I was invited to write a small note for the ABRD 20th anniversary book — and here it is.
I’m genuinely grateful for the invitation, and for the chance to add my voice to a story that has been unfolding for two decades now.
Thank you, Anupam, for opening this door and letting me be part of your celebration. It means more than a formal contribution — it feels like belonging, even if just for a few pages.
When slick city architects from Delhi step into rural India, it’s often like watching someone try to charge their iPhone in a mud hut. Their CAD files are clean, their timelines tight, they arrive with bold visions – and then reality hits. And yet, for those who stay – who don’t flee at the first sign of a missing Wi-Fi signal – something remarkable often happens.
And this was the case with abrd. I first met Anupam Bansal, one of abrd’s founders, around a bonfire at Ken River in remote Mayday Pradesh. I had no idea he was an architect.
Weeks later, long after the fire had died out and he’d made a quiet visit to Janwaar – the village I was working in – an email landed in my inbox. No pomp, just purpose. He casually mentioned he was an architect and offered to help. No pitch deck. No fee. Just a simple gesture toward something far bigger: turning a forgotten village into something a little less forgotten.
It wasn’t charity. It wasn’t heroism. It was curiosity mixed with conviction – the kind you don’t often find in people used to drawing lines on city maps. Anupam’s CAD files and excel sheets met cow dung reality and made something out of it.

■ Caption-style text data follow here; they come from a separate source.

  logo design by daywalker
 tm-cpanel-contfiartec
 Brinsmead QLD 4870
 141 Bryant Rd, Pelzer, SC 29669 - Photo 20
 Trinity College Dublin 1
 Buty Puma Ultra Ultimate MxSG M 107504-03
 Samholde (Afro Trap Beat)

He didn’t retreat into his urban bubble or observe from a polite distance. Instead, he dove right in – connecting with the villagers, soaking in their stories, and letting the land speak for itself. Every time he visited, he’d hop on one of my old Royal Enfields, kick it into gear, and disappear into the rugged landscape – dust in his wake, curiosity in his eyes.
Anupam ‘translated’ skatepark plans from foreign design studios in local language and guided the workers in a meaningful way. He spent his time with masons and labourers who hadn’t read Le Corbusier but knew exactly how to mix the concrete that wouldn’t crack under the heat. He sketched plans on a piece of paper, double-checked the procedures on a daily basis, traded in some projects concrete for mud blocks or bamboo. And he supported the villagers in using local materials – they needed areas that stayed cool at noon and dry in the rain.

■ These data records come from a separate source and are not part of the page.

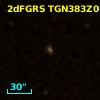 2dFGRS TGN383Z029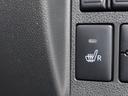エアコン　パワステ　パワーウィンドウ　ＡＢＳ　エアバック　アルミホイール　キーフリー　電動ドアミラー　バックカメラ（愛知県）の中古車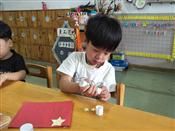 人气：574  上传时间：2018/10/9 17:06:33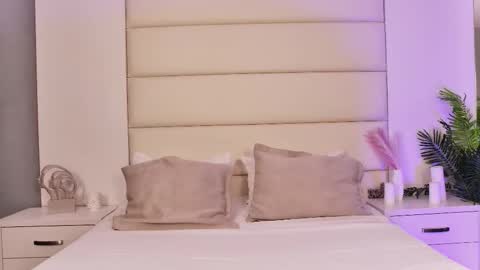 Luna online show from September 17, 5:05 am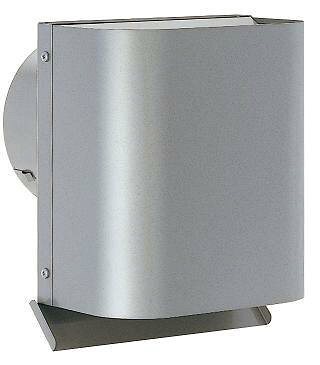 壁汚れ軽減材 質 SUS 304FD部：SUS 304 1.5t表面処理 カチオン電着塗装後ポリエステル樹脂焼付塗装（標準Uシルバー） ※屋外より点検できる場所でご使用ください。適用パイプ 内径100 ■メーカー直送の注意事項■↓以下、必ずご確認ください↓※代金引換（代引き）でのお支払いはご利用いただけません。※お届けの際の時間指定はできません。※土日祝祭日の配送はできません。※こちらの商品は軒先渡しとなります。　ビル・マンションへの配送はエントランスでのお渡しとなります。※沖縄・離島など一部お届けが対応出来ないエリアがございます。ご了承下さい。※配送日のご希望が無い場合は『最短配送』させて頂きます。※お受け取りになれないお日にちや曜日がある場合は「○日以外」「○曜日以外」「〇日以降」など、備考欄にご記入下さい。 【各メーカーお問い合わせ先一覧】 製品に関するお問い合わせはこちらからお願い致します。 掲載時時点のメーカー情報・カタログ情報に準拠しております。 ※型番を事前にご確認の上、お問い合わせいただきますよう宜しくお願い申し上げます。 ※写真はイメージです ※メーカー都合により外観・仕様は予告なく変更されることがあります。 　ご購入前にメーカーサイト等でご確認をお願い致します。 カテゴリ：換気扇 外壁用ステンレス製品 メーカー：ユニックス UNIX 型番：KBS100A3MDSP 類似商品はこちらユニックス KBS125A3MDSP 換気扇 8,649円ユニックス KBS150A3MDSP 換気扇 9,256円ユニックス KBS200A3MDSP 換気扇 19,257円ユニックス KBS75A3MDSP 換気扇 角7,587円ユニックス KBS250A3MDSP 換気扇 29,865円ユニックス KBS175A3MDSP 換気扇 15,653円ユニックス KBS100A5MDSP 換気扇 8,194円ユニックス KBS125A3MDSQ 換気扇 8,649円ユニックス KBS175A10MDSP 換気扇16,177円新着商品はこちら2026/10/21『在庫あり』 グローエ JP366302-DD21,186円2026/10/21『在庫あり』 グローエ JP564702-DD34,386円2026/10/21『在庫あり』 グローエ 3028020J-DD32,406円再販商品はこちら2026/10/22『在庫あり』 パナソニック VL-SE31XL16,516円2026/10/22『在庫あり』 パナソニック VL-SWE21027,186円2026/10/22『在庫あり』 パナソニック VL-SWD50557,468円2026/10/20 更新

He watched how design had to be flexible, and how “deadlines” bowed to harvests and festivals. What he gained was not just functioning projects but a deeper understanding of context – a kind of wisdom no studio critique ever taught him.
This is what urban architects in India can learn when they embrace the chaos of the countryside: that design isn’t just about structure, it’s about humility. When they trade ego for empathy, efficiency for adaptability, and speed for dialogue, they not only get the project done – they grow as human beings. And sometimes, they even forget to miss the Wi-Fi.